Partitioning by Hash of Key
Because of this risk of skew and hot spots, many distributed datastores use a hash function to determine the partition for a given key.
A good hash function takes skewed data and makes it uniformly distributed. Say you have a 32-bit hash function that takes a string. Whenever you give it a new string, it returns a seemingly random number between 0 and 232 - 1. Even if the input strings are very similar, their hashes are evenly distributed across that range of numbers.
For partitioning purposes, the hash function need not be cryptographically strong: for example, Cassandra and MongoDB use MD5, and Voldemort uses the Fowler- Noll-Vo function. Many programming languages have simple hash functions built in (as they are used for hash tables), but they may not be suitable for partitioning: for example, in Java’s Object.hashCode() and Ruby’s Object#hash, the same key may have a different hash value in different processes .
Once you have a suitable hash function for keys, you can assign each partition a range of hashes (rather than a range of keys), and every key whose hash falls within a partition’s range will be stored in that partition. This is illustrated in Figure 6-3.
Figure 6-3. Partitioning by hash of key.
This technique is good at distributing keys fairly among the partitions. The partition boundaries can be evenly spaced, or they can be chosen pseudorandomly (in which case the technique is sometimes known as consistent hashing).
Consistent hashing, as defined by Karger et al. , is a way of evenly distributing load across an internet-wide system of caches such as a content delivery network (CDN). It uses randomly chosen partition boundaries to avoid the need for central control or distributed consensus. Note that consistent here has nothing to do with replica consistency (see Chapter 5) or ACID consistency (see Chapter 7), but rather describes a particular approach to rebalancing.

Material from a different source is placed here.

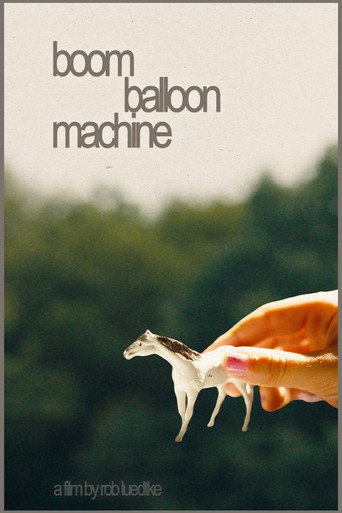 Boom Balloon Machine movie poster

As we shall see in “Rebalancing Partitions” on page 209, this particular approach actually doesn’t work very well for databases , so it is rarely used in practice (the documentation of some databases still refers to consistent hashing, but it is often inaccurate). Because this is so confusing, it’s best to avoid the term consistent hashing and just call it hash partitioning instead.
Unfortunately however, by using the hash of the key for partitioning we lose a nice property of key-range partitioning: the ability to do efficient range queries. Keys that were once adjacent are now scattered across all the partitions, so their sort order is lost. In MongoDB, if you have enabled hash-based sharding mode, any range query has to be sent to all partitions . Range queries on the primary key are not supported by Riak , Couchbase , or Voldemort.
Cassandra achieves a compromise between the two partitioning strategies [11, 12, 13]. A table in Cassandra can be declared with a compound primary key consisting of several columns. Only the first part of that key is hashed to determine the partition, but the other columns are used as a concatenated index for sorting the data in Cassandra’s SSTables. A query therefore cannot search for a range of values within the first column of a compound key, but if it specifies a fixed value for the first column, it can perform an efficient range scan over the other columns of the key.
The concatenated index approach enables an elegant data model for one-to-many relationships. For example, on a social media site, one user may post many updates. If the primary key for updates is chosen to be (user_id, update_timestamp), then you can efficiently retrieve all updates made by a particular user within some time interval, sorted by timestamp. Different users may be stored on different partitions, but within each user, the updates are stored ordered by timestamp on a single partition.